It is curious indeed that President Muhammadu Buhari delayed for nearly a month naming a successor to the retired Chief Justice of Nigeria, (CJN) Justice Mahmud Mohammed. In view of the role and the responsibility of the judiciary in the structure and stability of any democratic system, the delay has raised a lot of questions at this time when our complex federation is facing some strain. Besides, these are not the best of times for Nigerian judiciary. Lately, it came under unedifying scrutiny to the extent that estates of some judges including some in the Supreme Court, were raided by the department of state security in what was termed a “sting operation” in the night. There have been reports that some of the judges will be charged to court soon for alleged corrupt practices. This is a sad development, coming on the heels of recent comments that the judiciary has been one institution that has been cleaning up itself through dismissals of corrupt ministers in the temple of justice. In a recent comment, this newspaper had noted that dismissal of judges was not enough and so all the corruptible judges must not only be named, they should also be shamed through diligent prosecution. In any case, the controversial raid on the residences of the judges has raised the bar of discussion points on the need to sanitize the polluted temple of justice.

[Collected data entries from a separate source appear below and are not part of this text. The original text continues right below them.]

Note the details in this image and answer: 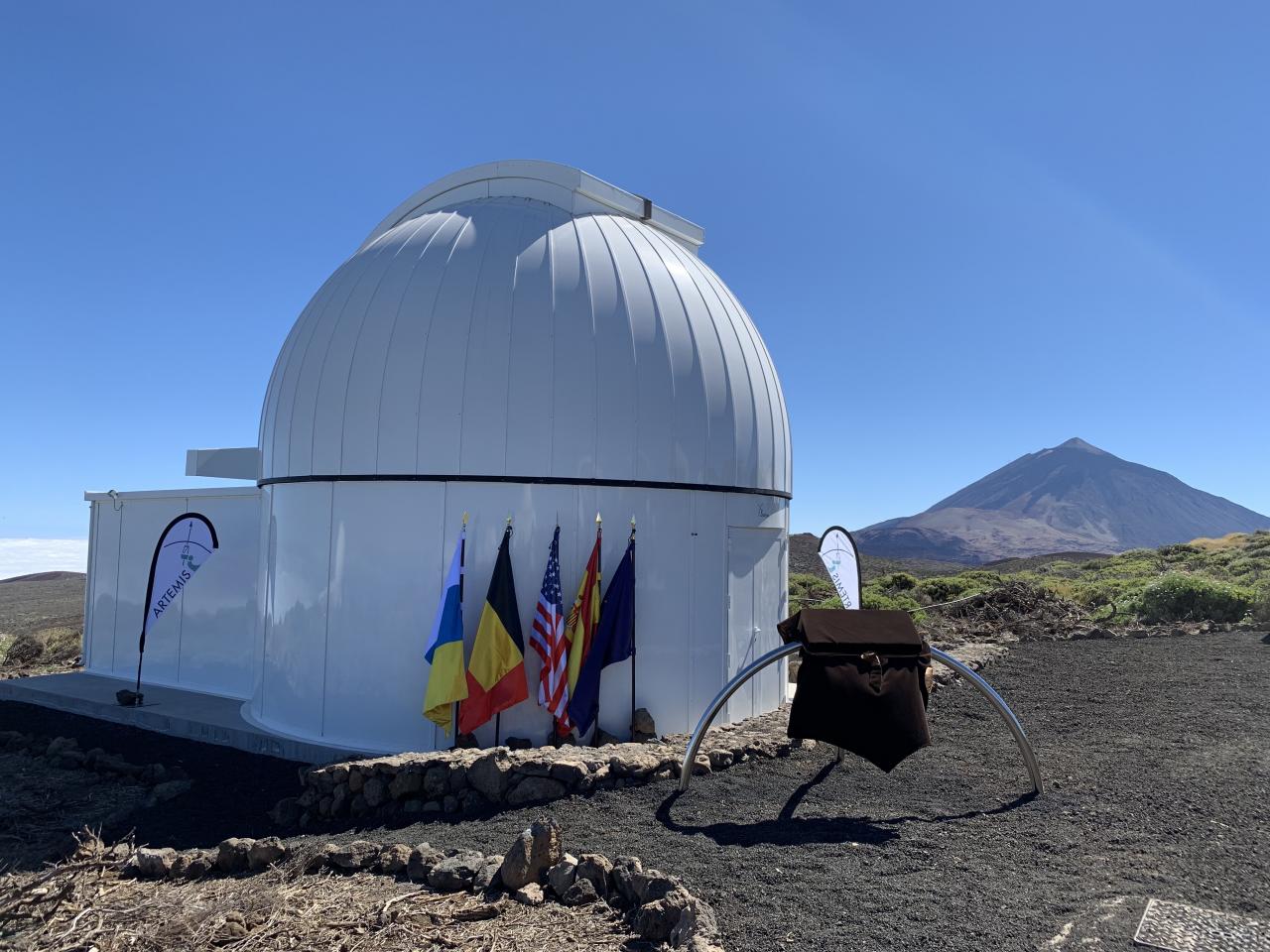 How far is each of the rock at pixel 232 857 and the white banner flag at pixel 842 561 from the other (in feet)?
23.4

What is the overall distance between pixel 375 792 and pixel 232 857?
1463mm

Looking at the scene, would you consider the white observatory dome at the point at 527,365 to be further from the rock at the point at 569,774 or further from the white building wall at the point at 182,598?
the rock at the point at 569,774

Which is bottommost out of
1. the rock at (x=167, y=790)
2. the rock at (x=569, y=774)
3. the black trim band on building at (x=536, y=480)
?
the rock at (x=167, y=790)

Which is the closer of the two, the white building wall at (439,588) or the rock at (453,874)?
the rock at (453,874)

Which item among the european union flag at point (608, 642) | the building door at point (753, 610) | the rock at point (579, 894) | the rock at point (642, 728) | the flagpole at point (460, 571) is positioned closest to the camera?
the rock at point (579, 894)

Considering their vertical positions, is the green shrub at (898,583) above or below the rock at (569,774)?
above

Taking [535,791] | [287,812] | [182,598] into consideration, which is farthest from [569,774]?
[182,598]

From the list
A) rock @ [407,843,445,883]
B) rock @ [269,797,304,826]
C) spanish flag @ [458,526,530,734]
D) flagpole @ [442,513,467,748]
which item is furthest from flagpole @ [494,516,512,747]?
rock @ [407,843,445,883]

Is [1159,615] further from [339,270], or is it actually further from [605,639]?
[339,270]

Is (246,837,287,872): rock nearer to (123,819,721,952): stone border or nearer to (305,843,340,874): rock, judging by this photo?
(123,819,721,952): stone border

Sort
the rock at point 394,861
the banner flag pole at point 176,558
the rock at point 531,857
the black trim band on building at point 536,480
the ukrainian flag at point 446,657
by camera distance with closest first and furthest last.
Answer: the rock at point 531,857, the rock at point 394,861, the ukrainian flag at point 446,657, the black trim band on building at point 536,480, the banner flag pole at point 176,558

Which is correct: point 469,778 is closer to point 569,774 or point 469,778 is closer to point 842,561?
point 569,774

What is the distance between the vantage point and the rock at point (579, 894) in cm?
414

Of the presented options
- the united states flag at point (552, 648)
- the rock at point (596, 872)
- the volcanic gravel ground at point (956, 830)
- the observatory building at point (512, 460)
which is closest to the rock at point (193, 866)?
the volcanic gravel ground at point (956, 830) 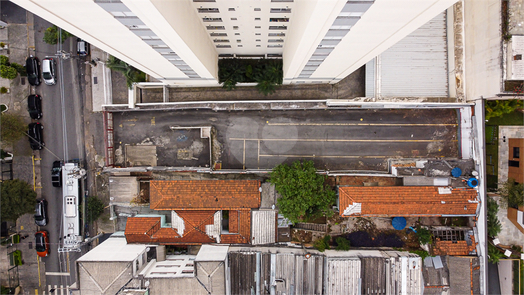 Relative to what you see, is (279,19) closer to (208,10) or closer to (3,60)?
(208,10)

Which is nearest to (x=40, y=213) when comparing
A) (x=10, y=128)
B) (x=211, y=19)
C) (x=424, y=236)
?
(x=10, y=128)

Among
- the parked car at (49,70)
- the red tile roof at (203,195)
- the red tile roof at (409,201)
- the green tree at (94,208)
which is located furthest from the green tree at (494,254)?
the parked car at (49,70)

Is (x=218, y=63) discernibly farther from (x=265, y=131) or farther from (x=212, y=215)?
(x=212, y=215)

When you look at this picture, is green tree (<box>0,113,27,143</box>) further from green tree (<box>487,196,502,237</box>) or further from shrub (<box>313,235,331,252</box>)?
green tree (<box>487,196,502,237</box>)

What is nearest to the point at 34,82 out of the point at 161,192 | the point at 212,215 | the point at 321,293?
the point at 161,192

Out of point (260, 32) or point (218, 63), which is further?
point (218, 63)

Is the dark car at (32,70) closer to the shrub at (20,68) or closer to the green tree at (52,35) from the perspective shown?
the shrub at (20,68) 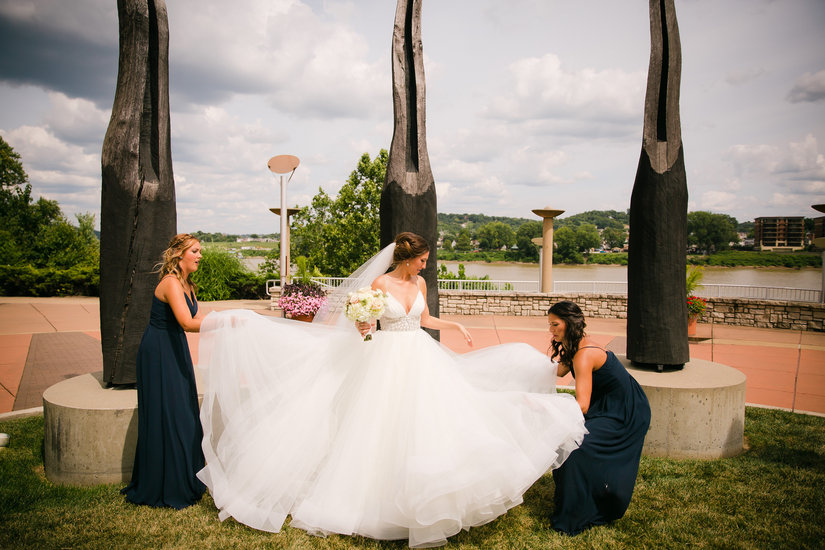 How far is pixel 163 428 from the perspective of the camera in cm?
393

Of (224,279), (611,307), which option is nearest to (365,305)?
(611,307)

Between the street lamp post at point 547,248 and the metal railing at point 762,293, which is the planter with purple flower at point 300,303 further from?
the metal railing at point 762,293

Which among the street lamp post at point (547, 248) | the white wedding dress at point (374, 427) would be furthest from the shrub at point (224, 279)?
the white wedding dress at point (374, 427)

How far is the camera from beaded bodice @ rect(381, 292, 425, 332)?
4125mm

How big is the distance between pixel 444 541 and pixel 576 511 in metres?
1.08

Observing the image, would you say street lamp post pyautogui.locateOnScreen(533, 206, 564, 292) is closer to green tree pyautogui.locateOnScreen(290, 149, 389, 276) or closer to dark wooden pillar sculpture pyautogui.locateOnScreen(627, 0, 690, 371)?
dark wooden pillar sculpture pyautogui.locateOnScreen(627, 0, 690, 371)

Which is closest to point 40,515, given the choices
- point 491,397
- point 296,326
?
point 296,326

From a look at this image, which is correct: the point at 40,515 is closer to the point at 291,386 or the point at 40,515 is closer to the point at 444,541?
the point at 291,386

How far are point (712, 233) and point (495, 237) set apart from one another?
15624 mm

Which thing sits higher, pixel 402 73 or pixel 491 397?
pixel 402 73

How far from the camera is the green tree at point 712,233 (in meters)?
28.1

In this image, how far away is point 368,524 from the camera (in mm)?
3328

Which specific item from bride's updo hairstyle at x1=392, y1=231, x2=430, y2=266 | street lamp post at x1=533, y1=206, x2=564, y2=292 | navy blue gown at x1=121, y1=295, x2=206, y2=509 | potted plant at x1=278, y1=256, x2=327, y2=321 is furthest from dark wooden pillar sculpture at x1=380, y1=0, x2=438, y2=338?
street lamp post at x1=533, y1=206, x2=564, y2=292

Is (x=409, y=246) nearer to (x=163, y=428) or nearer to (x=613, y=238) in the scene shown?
(x=163, y=428) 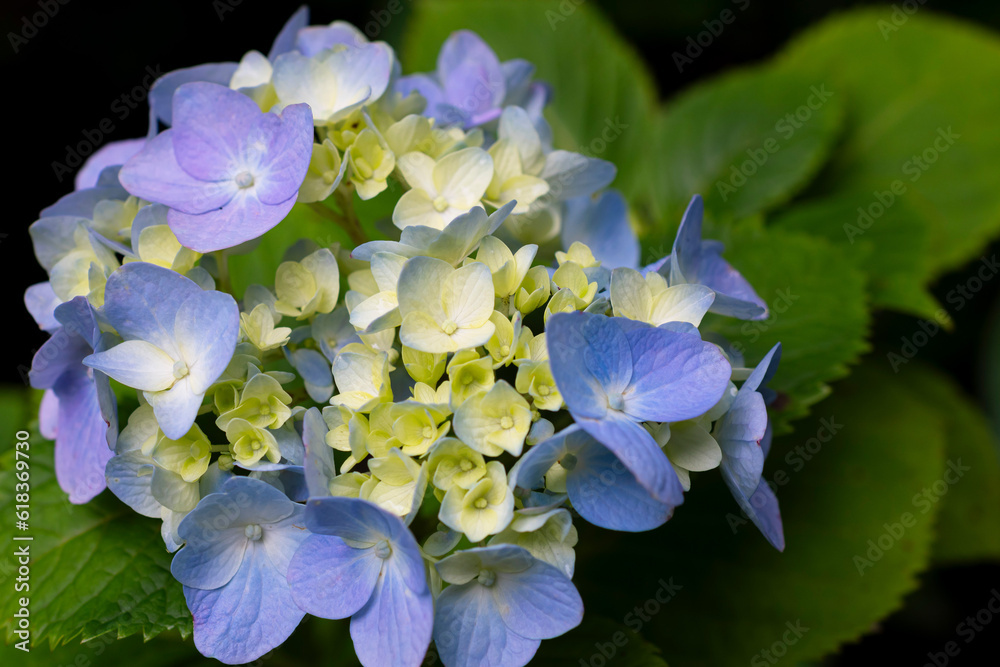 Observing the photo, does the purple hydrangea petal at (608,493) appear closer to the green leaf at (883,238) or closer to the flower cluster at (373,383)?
the flower cluster at (373,383)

That is why it is reasonable to expect that the president should do whatever is expedient to ensure that there is credibility and stability in the judicial arm of government that he has a responsibility to nominate its head.
And it is for the same reason the recent appointment of an Acting Chief Justice of Nigeria is raising some curiosities.
The simple procedure for appointing a Chief Justice of Nigeria (CJN) as dictated by the constitution and for long guided by convention, has, by act of omission or commission, been allowed by the presidency to turn into a realm of speculation, motive hunting, innuendo of political and ethnic and other colorations. For instance, the Ekiti State governor, Ayodele Fayose suspects “either a grand plot to deprive the Acting CJN, Justice Onnoghen his well-deserved appointment as CJN because he is from the South-South region, or that a cabal in the Presidential Villa would want to hold him in the jugular, using his confirmation, to get him (Onnoghen) to assist them to pervert justice”. For a moment, let’s not analyse the content of the character of the messenger but the message. The message is clear: that the appointment of Justice Onnoghen in an acting capacity without a precedent in a recent history is quite strange.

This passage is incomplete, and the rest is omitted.